#### EXCERPTED DATA

......

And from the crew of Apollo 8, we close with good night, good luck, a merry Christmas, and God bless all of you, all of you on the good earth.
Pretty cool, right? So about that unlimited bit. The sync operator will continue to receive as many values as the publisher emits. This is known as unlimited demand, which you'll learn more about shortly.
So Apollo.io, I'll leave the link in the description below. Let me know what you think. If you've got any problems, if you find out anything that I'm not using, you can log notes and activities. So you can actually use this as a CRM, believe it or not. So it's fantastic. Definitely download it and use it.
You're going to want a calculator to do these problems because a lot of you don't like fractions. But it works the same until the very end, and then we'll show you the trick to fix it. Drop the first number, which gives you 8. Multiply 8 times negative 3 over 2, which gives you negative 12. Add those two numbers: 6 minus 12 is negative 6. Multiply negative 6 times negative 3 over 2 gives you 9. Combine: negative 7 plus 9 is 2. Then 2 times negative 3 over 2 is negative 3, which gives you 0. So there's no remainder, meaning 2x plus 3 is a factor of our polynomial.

......

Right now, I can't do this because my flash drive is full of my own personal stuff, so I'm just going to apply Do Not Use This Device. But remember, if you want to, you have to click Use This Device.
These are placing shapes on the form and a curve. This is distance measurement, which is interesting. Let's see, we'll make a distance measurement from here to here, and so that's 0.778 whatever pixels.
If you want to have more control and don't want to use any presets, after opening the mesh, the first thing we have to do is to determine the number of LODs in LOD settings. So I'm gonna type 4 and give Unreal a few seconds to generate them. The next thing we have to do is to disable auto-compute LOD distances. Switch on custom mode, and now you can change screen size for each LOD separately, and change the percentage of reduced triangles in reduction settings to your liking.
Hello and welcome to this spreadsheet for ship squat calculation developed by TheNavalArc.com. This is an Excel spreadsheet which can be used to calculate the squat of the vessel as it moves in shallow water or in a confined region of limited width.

......

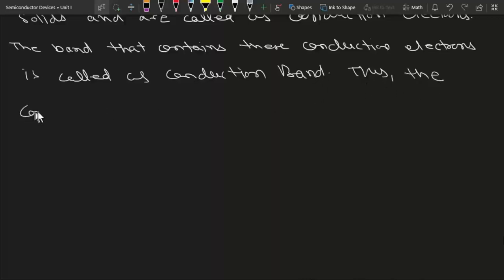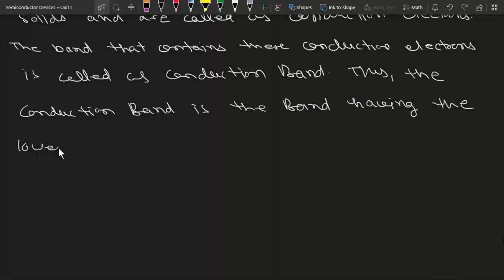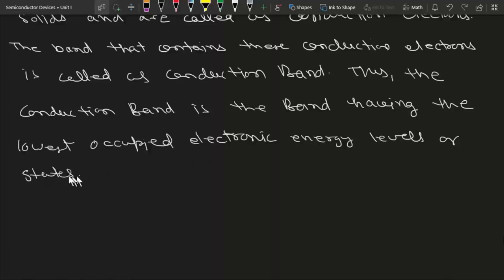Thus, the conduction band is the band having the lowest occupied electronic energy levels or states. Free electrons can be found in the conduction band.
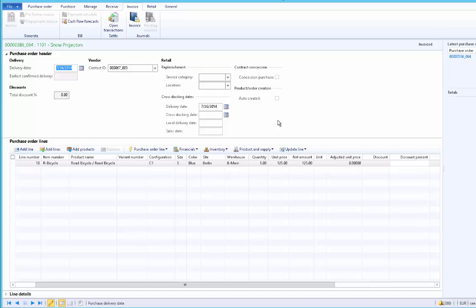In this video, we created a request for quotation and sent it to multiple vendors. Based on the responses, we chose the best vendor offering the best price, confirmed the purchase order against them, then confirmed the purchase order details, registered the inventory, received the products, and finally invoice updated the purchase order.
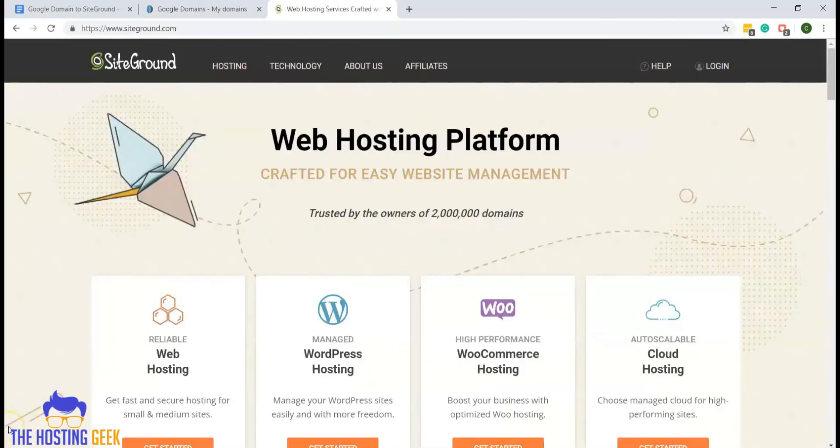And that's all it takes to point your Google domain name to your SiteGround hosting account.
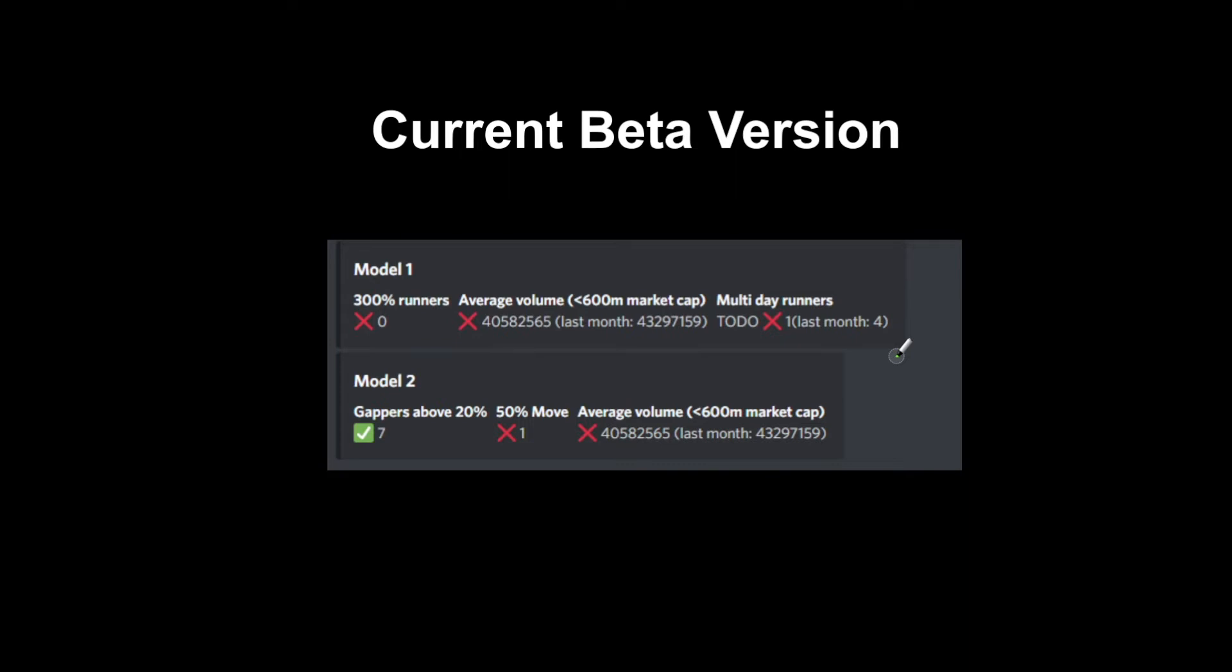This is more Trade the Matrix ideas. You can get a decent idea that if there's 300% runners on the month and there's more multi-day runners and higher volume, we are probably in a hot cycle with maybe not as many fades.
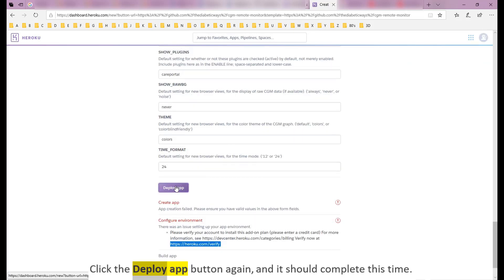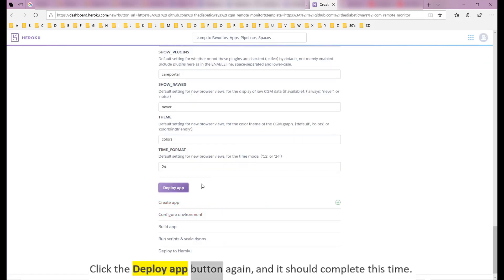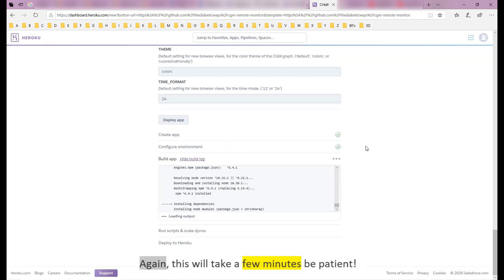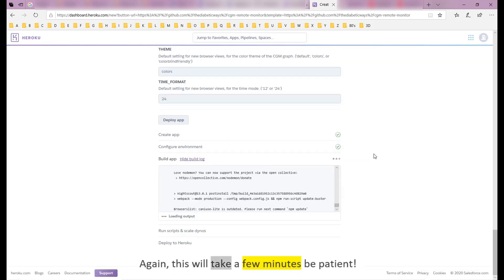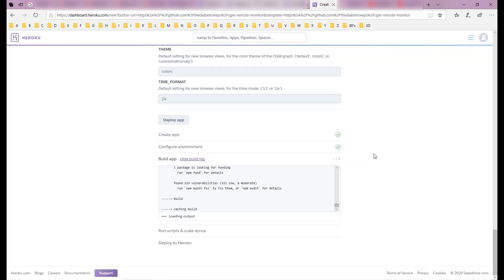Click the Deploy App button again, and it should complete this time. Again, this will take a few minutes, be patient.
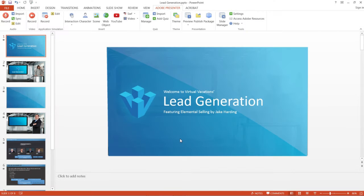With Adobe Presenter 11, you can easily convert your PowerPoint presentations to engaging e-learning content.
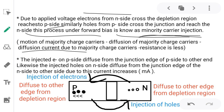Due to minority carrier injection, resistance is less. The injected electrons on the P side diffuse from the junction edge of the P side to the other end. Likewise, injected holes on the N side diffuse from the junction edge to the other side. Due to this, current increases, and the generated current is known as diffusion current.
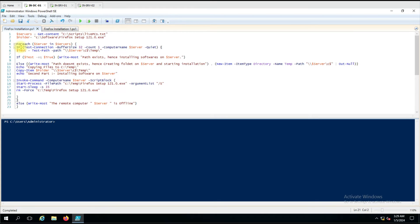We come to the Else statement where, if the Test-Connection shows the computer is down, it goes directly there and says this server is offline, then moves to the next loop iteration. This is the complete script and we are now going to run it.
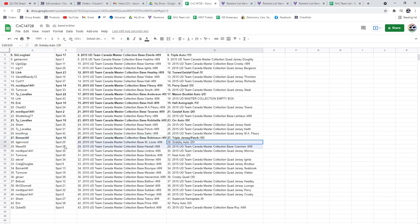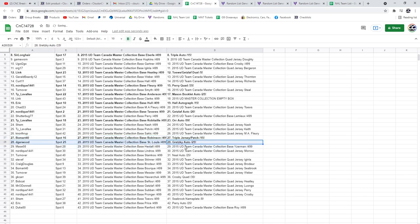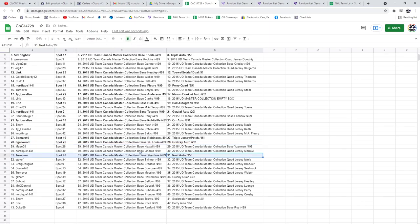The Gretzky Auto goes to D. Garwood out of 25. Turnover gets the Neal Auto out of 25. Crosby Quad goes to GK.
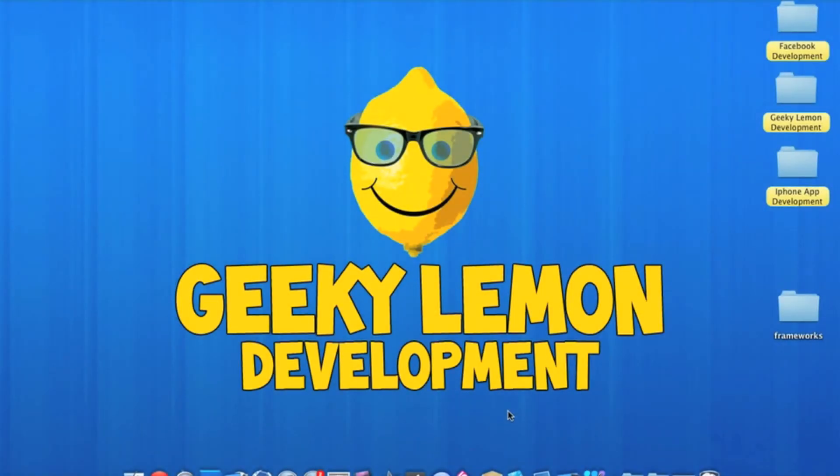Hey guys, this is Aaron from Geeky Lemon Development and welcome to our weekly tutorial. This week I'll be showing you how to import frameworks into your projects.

......

#### TASK INSTRUCTIONS
Lines of the listing above that contain the word "first" must all be copied.

#### EXERCISE SOLUTION
You're going to want a calculator to do these problems because a lot of you don't like fractions. But it works the same until the very end, and then we'll show you the trick to fix it. Drop the first number, which gives you 8. Multiply 8 times negative 3 over 2, which gives you negative 12. Add those two numbers: 6 minus 12 is negative 6. Multiply negative 6 times negative 3 over 2 gives you 9. Combine: negative 7 plus 9 is 2. Then 2 times negative 3 over 2 is negative 3, which gives you 0. So there's no remainder, meaning 2x plus 3 is a factor of our polynomial.
If you want to have more control and don't want to use any presets, after opening the mesh, the first thing we have to do is to determine the number of LODs in LOD settings. So I'm gonna type 4 and give Unreal a few seconds to generate them. The next thing we have to do is to disable auto-compute LOD distances. Switch on custom mode, and now you can change screen size for each LOD separately, and change the percentage of reduced triangles in reduction settings to your liking.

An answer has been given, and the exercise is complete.